As Damien hits send on his email to his former therapist, someone rings Mrs. Cacca’s doorbell.
“Oh, horse-hockey,” Damien complains.
“Come innnnn!” Bern’s voice emanates from the upstairs restroom.
“Bernadette, somebody is here.”
“Let them in.”
Damien opens the door. A 5’10” average looking male asks for Bernadette.
“Who are you?”
“I am JB, her boyfriend. Who are you?”
“Uhhh-I’ll go get her.”
JB sits down on the Caccas’ couch while Bernadette continues to pinch loaves.
“Bern, I am gonna go on home. I have a stitch in my side, and my heel spurs are hurting.”
“PPPHHHPPPTTTTTT” says Bern’s butt.
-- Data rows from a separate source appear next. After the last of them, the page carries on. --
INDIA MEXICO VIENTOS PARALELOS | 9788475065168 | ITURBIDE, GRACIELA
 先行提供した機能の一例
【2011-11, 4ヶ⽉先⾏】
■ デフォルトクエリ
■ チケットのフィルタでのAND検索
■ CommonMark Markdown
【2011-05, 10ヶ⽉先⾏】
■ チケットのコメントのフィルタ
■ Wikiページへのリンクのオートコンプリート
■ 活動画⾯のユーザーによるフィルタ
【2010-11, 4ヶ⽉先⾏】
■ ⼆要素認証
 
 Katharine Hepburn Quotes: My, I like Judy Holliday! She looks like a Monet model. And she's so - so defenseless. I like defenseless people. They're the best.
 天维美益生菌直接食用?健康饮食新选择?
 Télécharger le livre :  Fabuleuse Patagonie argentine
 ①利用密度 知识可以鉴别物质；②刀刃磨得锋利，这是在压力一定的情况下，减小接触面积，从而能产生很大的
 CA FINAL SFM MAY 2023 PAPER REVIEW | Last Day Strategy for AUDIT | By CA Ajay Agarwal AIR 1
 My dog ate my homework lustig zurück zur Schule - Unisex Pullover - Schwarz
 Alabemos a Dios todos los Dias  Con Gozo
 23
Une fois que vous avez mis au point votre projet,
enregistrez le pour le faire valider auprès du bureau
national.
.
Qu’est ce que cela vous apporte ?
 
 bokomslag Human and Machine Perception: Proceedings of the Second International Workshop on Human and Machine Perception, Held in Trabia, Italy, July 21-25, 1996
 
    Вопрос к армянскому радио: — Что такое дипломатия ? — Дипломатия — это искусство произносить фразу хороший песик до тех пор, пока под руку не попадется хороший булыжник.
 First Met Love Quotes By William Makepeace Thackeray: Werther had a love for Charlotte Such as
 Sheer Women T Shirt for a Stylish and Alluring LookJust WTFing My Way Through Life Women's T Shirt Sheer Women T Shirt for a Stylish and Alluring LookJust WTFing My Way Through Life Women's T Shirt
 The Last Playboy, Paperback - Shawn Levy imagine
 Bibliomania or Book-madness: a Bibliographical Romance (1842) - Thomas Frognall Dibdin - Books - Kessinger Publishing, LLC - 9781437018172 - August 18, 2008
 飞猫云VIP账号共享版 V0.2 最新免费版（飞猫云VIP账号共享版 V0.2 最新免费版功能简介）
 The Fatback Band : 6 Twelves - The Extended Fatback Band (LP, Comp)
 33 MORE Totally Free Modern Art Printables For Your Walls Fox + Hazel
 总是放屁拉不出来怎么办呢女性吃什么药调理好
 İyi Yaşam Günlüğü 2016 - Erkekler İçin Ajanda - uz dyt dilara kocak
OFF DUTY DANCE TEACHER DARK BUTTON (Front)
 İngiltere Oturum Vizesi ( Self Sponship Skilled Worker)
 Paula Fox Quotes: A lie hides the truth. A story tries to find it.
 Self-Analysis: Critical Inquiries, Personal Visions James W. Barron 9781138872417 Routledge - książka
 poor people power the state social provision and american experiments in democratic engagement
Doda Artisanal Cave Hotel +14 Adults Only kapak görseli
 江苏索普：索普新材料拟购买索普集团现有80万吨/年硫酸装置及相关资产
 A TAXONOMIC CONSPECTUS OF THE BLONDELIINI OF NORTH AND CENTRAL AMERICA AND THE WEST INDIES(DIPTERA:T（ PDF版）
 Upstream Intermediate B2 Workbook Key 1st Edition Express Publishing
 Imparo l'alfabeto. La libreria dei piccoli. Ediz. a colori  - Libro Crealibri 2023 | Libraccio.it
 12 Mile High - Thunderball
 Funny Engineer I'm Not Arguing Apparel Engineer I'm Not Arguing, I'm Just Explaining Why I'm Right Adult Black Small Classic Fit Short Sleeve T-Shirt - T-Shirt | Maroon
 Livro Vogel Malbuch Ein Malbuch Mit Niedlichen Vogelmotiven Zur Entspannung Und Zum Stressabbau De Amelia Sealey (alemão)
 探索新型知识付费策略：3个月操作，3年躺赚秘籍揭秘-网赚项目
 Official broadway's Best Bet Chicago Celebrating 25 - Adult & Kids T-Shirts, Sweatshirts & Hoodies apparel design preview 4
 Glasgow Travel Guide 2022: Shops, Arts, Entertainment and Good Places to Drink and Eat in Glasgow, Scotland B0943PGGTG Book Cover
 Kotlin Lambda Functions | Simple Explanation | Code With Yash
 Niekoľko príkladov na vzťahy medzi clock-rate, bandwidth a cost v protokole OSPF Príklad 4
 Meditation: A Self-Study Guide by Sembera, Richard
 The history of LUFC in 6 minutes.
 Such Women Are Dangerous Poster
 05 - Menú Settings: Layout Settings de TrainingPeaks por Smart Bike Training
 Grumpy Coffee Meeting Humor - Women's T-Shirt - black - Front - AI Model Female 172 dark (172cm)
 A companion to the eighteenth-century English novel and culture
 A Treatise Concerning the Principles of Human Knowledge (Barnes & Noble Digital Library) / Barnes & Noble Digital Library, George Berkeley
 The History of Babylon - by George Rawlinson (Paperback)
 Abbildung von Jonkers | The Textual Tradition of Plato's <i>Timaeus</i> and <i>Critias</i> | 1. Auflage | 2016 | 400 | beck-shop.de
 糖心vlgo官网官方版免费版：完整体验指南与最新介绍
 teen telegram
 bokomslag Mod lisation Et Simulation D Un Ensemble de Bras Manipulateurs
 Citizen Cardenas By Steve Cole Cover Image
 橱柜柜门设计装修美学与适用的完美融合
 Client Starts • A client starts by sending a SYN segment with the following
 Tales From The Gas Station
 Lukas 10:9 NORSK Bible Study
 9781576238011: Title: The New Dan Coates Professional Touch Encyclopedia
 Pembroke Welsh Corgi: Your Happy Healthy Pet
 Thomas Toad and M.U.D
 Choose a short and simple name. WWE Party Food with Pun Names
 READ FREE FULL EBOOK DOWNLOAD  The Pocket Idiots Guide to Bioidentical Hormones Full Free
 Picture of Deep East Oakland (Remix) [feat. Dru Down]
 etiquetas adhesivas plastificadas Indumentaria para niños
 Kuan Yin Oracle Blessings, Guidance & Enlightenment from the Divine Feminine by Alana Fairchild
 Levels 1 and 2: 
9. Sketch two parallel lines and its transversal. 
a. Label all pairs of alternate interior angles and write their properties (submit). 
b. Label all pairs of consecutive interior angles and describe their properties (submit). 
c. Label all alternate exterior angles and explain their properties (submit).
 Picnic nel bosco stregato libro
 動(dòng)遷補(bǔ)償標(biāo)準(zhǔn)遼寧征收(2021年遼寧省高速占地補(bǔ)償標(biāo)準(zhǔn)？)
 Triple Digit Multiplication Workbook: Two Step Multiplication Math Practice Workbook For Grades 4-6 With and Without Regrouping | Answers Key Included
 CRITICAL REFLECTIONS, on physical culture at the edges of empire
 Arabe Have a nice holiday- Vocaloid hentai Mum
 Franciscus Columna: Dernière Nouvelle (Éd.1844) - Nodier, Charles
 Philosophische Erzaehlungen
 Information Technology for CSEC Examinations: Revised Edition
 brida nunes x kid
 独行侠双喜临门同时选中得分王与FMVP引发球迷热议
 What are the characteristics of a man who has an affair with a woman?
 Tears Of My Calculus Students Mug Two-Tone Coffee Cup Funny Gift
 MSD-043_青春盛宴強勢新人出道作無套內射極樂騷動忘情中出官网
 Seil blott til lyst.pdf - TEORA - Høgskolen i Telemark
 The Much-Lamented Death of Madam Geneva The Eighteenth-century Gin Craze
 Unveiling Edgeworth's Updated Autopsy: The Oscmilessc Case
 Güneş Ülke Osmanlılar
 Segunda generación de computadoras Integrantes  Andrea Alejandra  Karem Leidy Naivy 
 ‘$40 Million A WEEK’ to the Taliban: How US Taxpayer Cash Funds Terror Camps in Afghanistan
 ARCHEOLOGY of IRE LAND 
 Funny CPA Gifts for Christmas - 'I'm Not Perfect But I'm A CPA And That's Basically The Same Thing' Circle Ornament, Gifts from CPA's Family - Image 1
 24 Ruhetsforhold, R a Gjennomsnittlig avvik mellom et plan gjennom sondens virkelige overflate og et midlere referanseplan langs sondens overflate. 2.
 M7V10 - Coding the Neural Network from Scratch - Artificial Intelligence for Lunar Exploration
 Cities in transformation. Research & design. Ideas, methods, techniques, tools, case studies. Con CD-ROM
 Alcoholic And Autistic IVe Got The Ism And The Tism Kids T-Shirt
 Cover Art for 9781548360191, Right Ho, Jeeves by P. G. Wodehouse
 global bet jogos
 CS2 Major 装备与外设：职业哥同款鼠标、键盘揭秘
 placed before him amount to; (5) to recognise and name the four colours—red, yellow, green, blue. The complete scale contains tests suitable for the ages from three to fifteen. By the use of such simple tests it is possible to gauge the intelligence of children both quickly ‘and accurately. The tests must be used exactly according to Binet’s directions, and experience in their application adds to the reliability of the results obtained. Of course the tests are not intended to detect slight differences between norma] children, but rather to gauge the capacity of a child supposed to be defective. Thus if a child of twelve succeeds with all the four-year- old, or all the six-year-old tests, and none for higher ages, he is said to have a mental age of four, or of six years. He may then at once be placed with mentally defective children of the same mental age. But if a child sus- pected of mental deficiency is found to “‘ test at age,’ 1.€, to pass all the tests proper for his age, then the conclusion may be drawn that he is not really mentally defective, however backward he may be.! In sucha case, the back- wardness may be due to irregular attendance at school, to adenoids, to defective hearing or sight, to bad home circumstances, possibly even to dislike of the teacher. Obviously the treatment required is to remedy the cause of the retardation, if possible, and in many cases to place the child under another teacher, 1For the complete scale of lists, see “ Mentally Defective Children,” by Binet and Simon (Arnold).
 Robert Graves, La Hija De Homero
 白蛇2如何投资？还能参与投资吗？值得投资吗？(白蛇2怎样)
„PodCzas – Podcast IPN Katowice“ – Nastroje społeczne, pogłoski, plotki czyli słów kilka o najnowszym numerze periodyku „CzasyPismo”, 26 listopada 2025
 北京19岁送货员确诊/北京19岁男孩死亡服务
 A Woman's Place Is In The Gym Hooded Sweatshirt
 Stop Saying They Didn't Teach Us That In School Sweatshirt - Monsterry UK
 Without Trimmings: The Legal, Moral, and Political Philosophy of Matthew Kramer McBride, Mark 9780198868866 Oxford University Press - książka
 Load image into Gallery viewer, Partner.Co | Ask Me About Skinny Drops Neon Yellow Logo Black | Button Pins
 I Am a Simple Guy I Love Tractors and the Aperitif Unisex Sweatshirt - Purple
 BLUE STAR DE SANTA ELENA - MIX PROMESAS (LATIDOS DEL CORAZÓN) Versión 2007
Damien’s derriere returns the sentiment and he heads home.
Bern comes down the stairs to greet her other boyfriend.
“Hey sugar, you the most handsome man alive. How are ya?”
“Do you have any turds? My turd-machine is out of ammo again and I have no luck stealing poopies.”
Little does Bern know, she has an audience.
“Is this the dawning of the age of morons?” the next-door neighbors Gothic Diana Ross and The Midnight Supremes ask each other, giggling. They have been standing on their porch, listening in on Bern’s conversations with her boyfriends.
“Bern Cacca has her nose so far up her enablers’ butts she can see out their mouths,” Gothic Flo quips and the gothic girl group busts out laughing, happy to have a laugh at the Caccas’ expense.